Content Warning: Fatphobia, bullying, parental abuse
What’s it about? As a fat person, Tenjou Yuuya knows how cruel the world can be; he’s bullied by his classmates, and even disdained by his own family. Only his grandfather was kind to him, and even left him everything after passing away. “Everything” includes a hidden room with a mysterious door to another world.
I have to award points to Cheat Skill right off the bat for giving its Misfit Outcast Dude an actual burden beyond a slightly shit personality and teenage superiority complex. Anti-fatness is a nightmarish thing that grinds a person down from every corner of society, whether it’s diet ads that promote unhealthy or even dangerous solutions (because it’s okay for your heart to explode if your corpse looks thin!); doctors who relate every health complaint to weight loss, even when they are unrelated and that callousness potentially proves fatal; or a simple underlying assumption by many that fat people are some degree of subhuman.
It’s a simple trick, maybe, but my heart went out to Yuuya. He’s someone who’s been relentlessly shit on his entire life just for existing (and while it’s beside the point, is clearly quite active as part of his part-time jobs; he’s just fat, and his aesthetic aberrance is unforgivable) but still wants to help other people. That’s not to say the episode doesn’t engage in a bit of abjection itself—a number of shots have Yuuya enter a room belly-first, the camera loves a fish-eye lens to emphasize just how downright Quasimodo-like this kid’s appearance is, and the backstory tips from “hellish punishments for the crime of living while fat” to “oh come on now” when a flashback of Yuuya’s mother scolds him for mixing his laundry in with the (attractive) rest of the family.

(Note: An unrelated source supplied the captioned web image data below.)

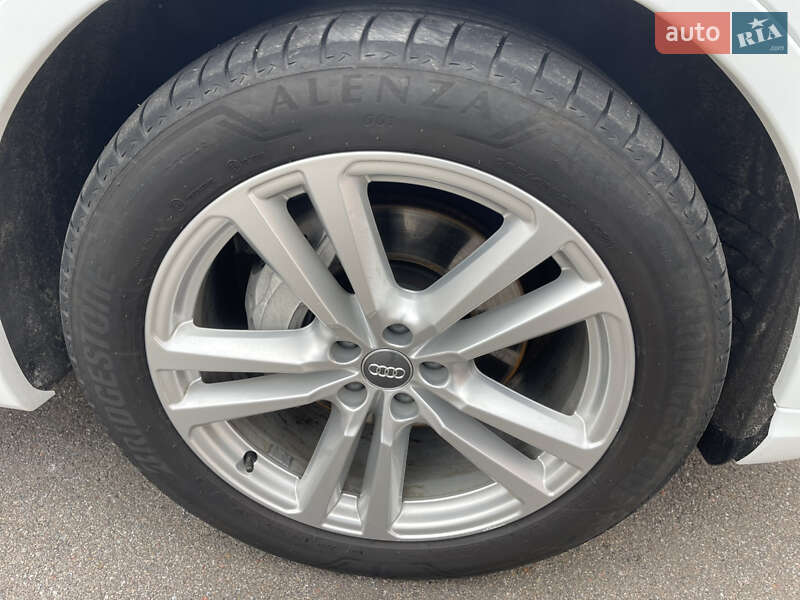 Позашляховик / Кросовер Audi Q7 2016 в Києві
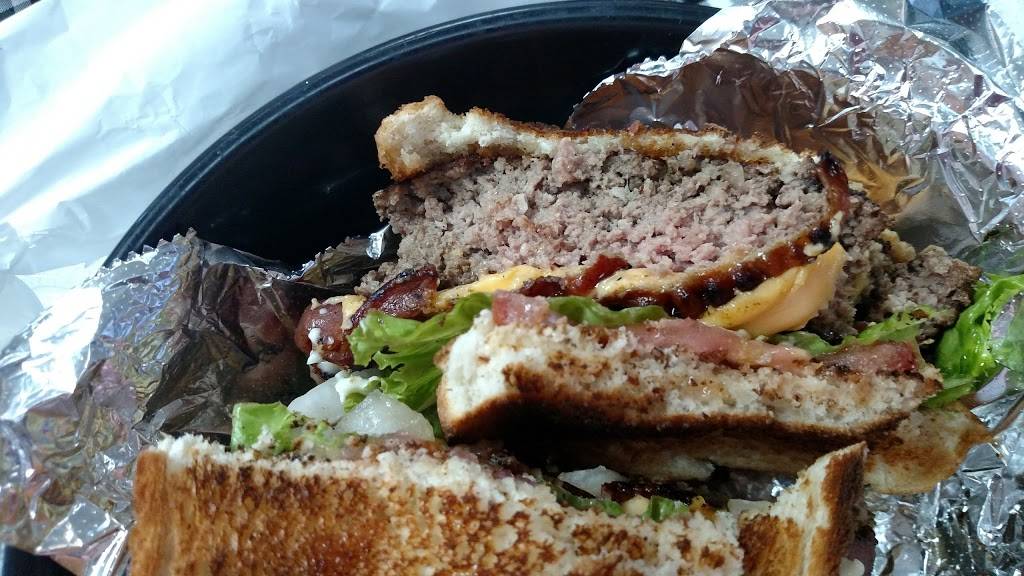 Dog House | restaurant | 100 S Truman Blvd, Crystal City, MO 63019, USA | 6364650718 OR +1 636-465-0718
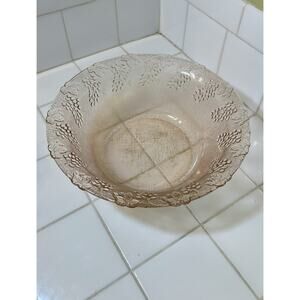 Vintage Pink Glass Textured Harvest Grape‎ Leaf Border Large Serving Bowl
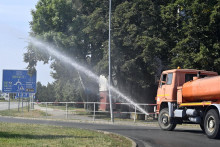 Polievacie auto zavlažuje kruhové objazdy v Michalovciach. FOTO: TASR/Roman Hanc
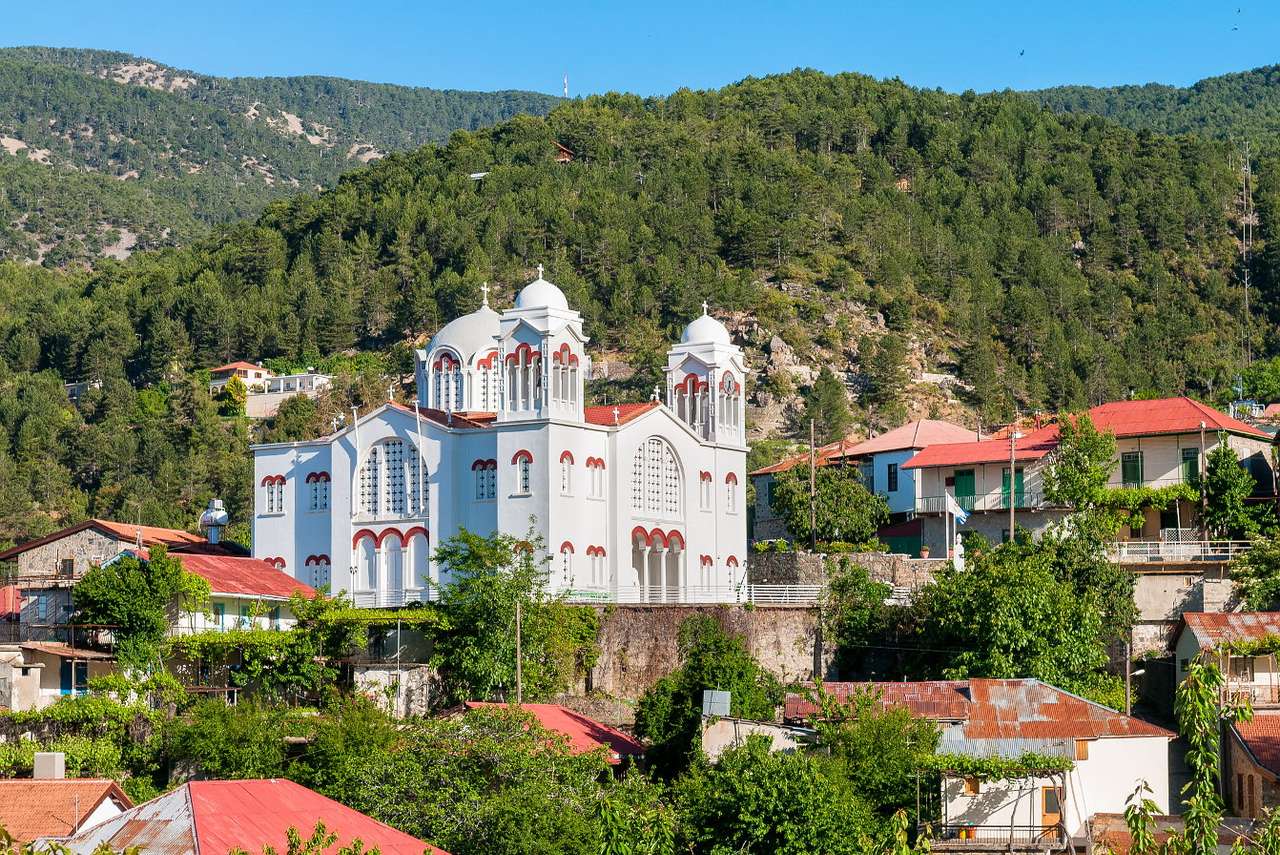 Kościół Świętego Krzyża w Pedoulas (Cypr) puzzle online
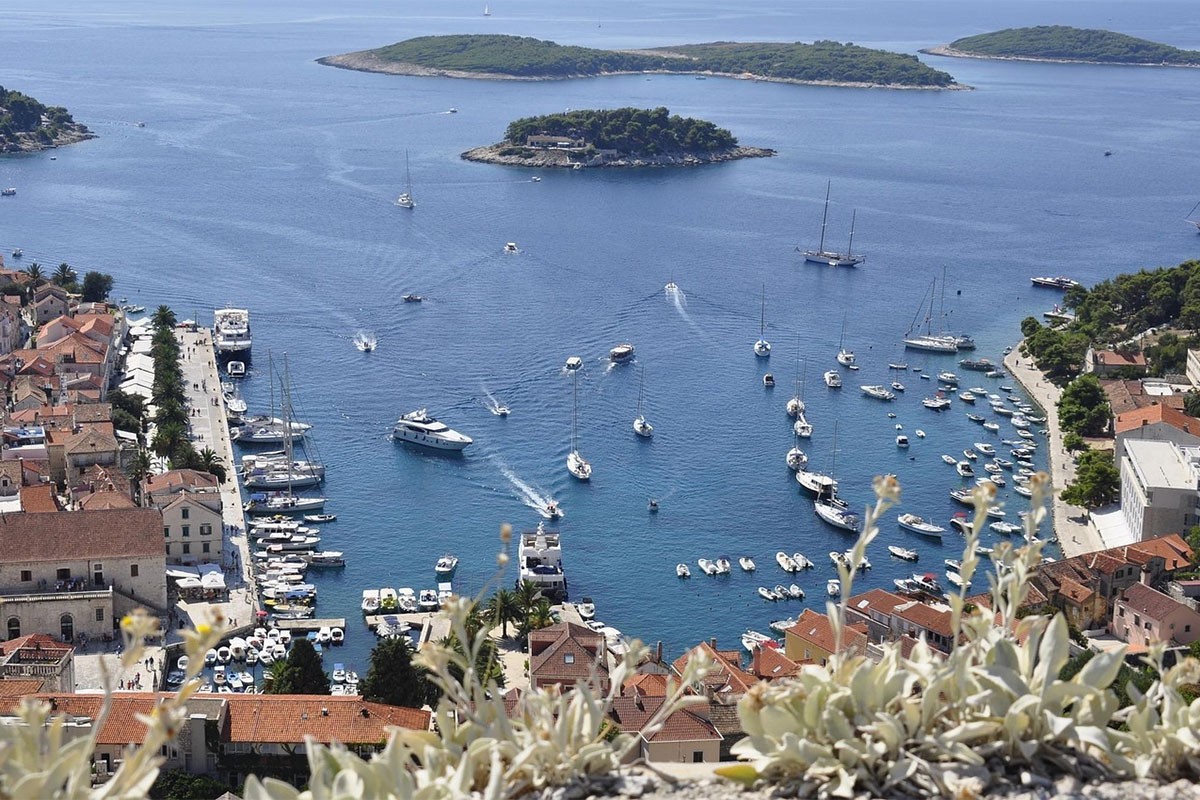 Hrvatsko ostrvo poznato po žurkama uvodi novinu, šta to znači za turiste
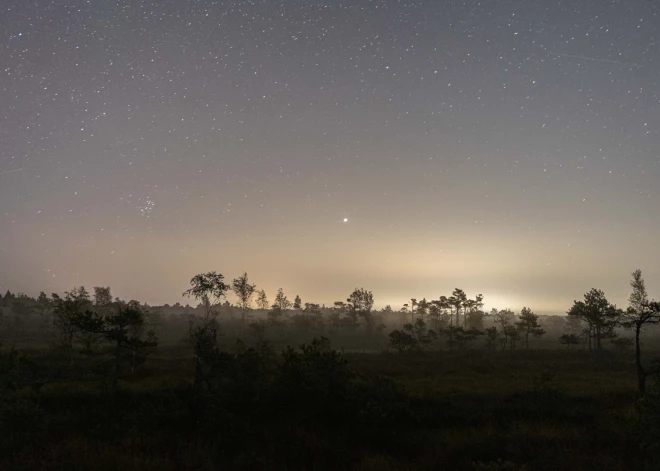 Naktī uz svētdienu bija vērojams krāšņākais zvaigžņu lietus - Perseīdu meteoru plūsma. Ne tikai Jūrmalas pludmalē, bet arī Lielajā Ķemeru tīrelī varēja noķert krītošās zvaigznes. Zvaigznes vērot un īpašo atmosfēru izbaudīt bija sabraukuši daudzi, un apmeklētāju plūsma daudz neatšķīrās no dienas laika.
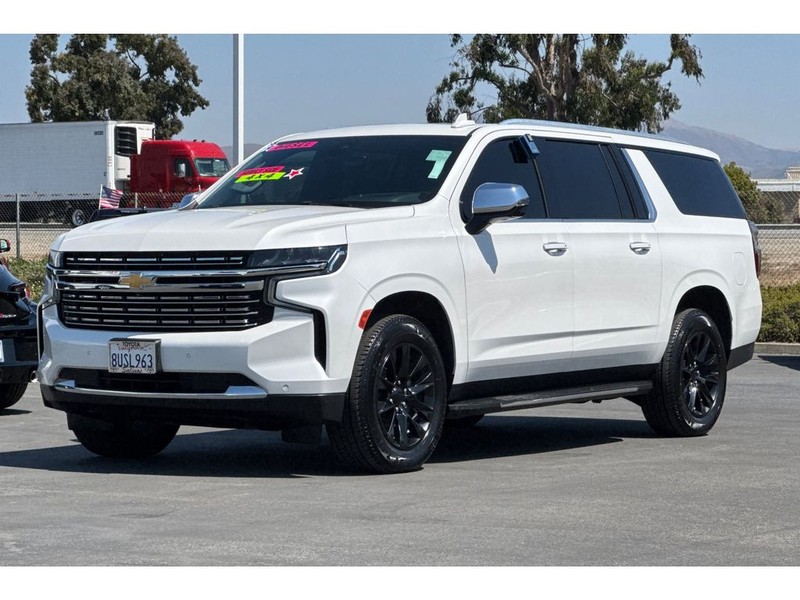 Chevrolet Suburban Vehicle Full-screen Gallery Image 08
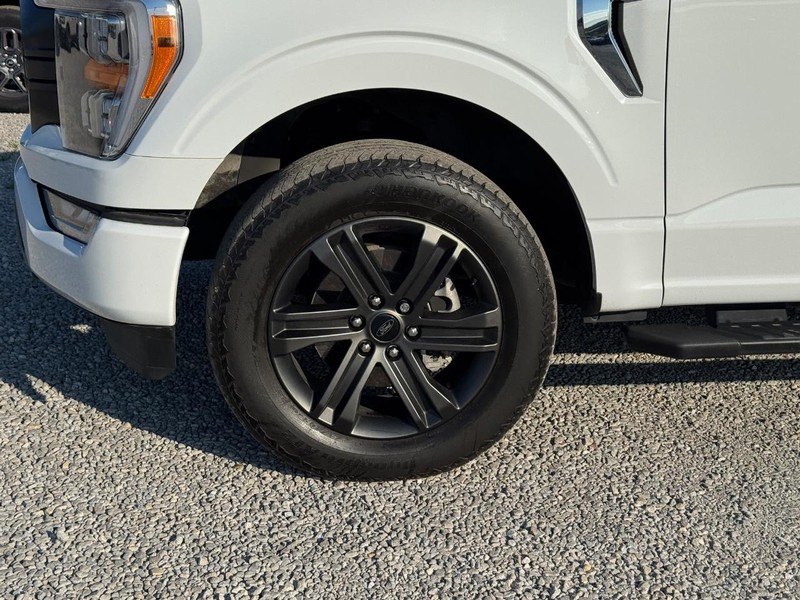 Ford F-150 Vehicle Full-screen Gallery Image 11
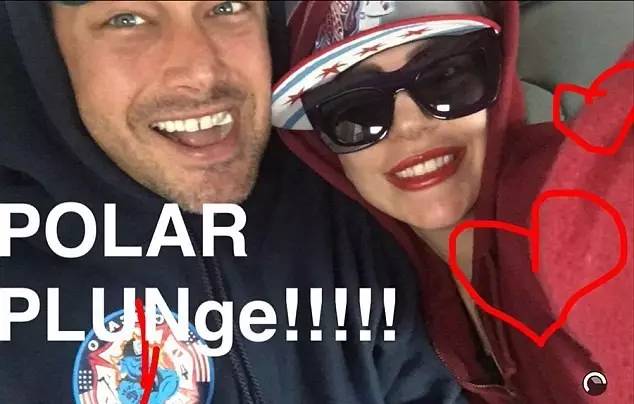 时装周saintlaurent专场秀,2020巴黎时装周saintlaurent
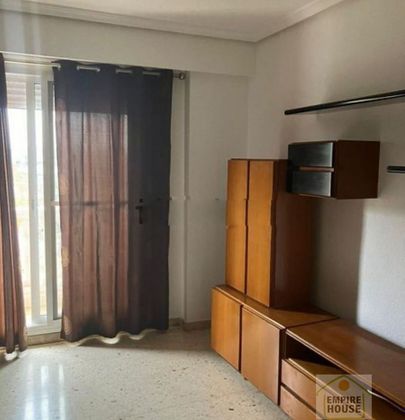 Foto 1 de Alquiler de piso en El Alborgí de 4 habitaciones con muebles y balcón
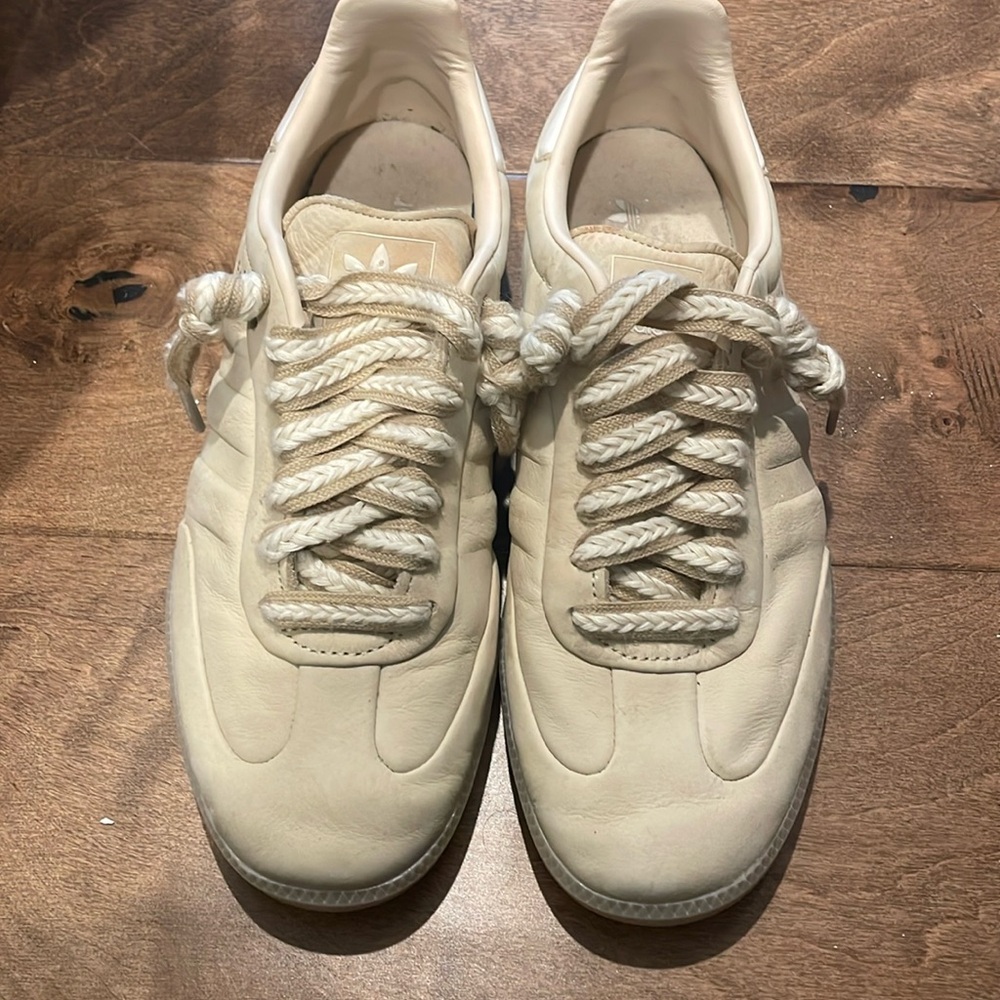 Adidas Samba worn once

Still, I found myself rooting for him, which is no small task given how utterly exhausted I am by the subgenre. It’s not a particularly creative iteration, either. The overuse of tiny text on static stat screens is unforgivably uninteresting, and there’s a distracting graininess thrown over the visuals. The montage of Yuuya experimenting with his new magic isekai house is livelier, because it’s one of the only shown-over-told parts of the episode, but by then my disappointment at the gimmick had already set in.
Yuuya, you see, is not long a fat protagonist. After allotting his new magic stat points he develops an eight-pack overnight, as well as several inches in height and a nose job. He wakes to the ultimate horror: being yet a-fucking-nother generic Potato-kun. It feels like a wasted opportunity, honestly. We could’ve seen Yuuya become slowly muscular and more confident in a way that still transformed the way he’s perceived, but let him look more like a Tagame Gengoroh protagonist. After all, there are plenty of fat athletes, including some of the best in the world! But, y’know, then we might’ve had to look at an interesting character design in another bargain-basement isekai story. That cannot be allowed.
This theme of “magically beefcaked fat protagonists” seems to be an interest of light novel protagonist Miku, who also wrote The Fruit of Evolution. I don’t want to hammer on that too hard, because there are plenty of fat people, especially fat kids, who’ve probably dreamed about a magic pill that would make the problem of people treating them like shit go away. Given how few manga there are focusing on the experience of fatness (you’ve got the harrowing In Clothes Called Fat on one hand and the encouraging but extremely recent Embrace Your Size on the other), I don’t want to underestimate how hard it is to even talk about these things in Japanese publishing. After all, The Fruit of Evolution was a terrible anime for completely unrelated reasons.
That shared lineage pretty well torpedoes any hope I had for the series’ female characters. The only ones who show up in this premiere are Yuuya’s abusive mother and sister, nameless background women who observe his bullying, and the Obvious Love Interest girl who he saves from street harassment and turns out to be rather well-off. She seems nice enough, but she also has maybe three lines, and it’s not exactly a ringing endorsement when you can easily sort all the women who appear in to “good camp” and “bad camp” (almost like some kind of dichotomy or something). I might wish Yuuya the best with his new eight-pack, but I’m checking out here.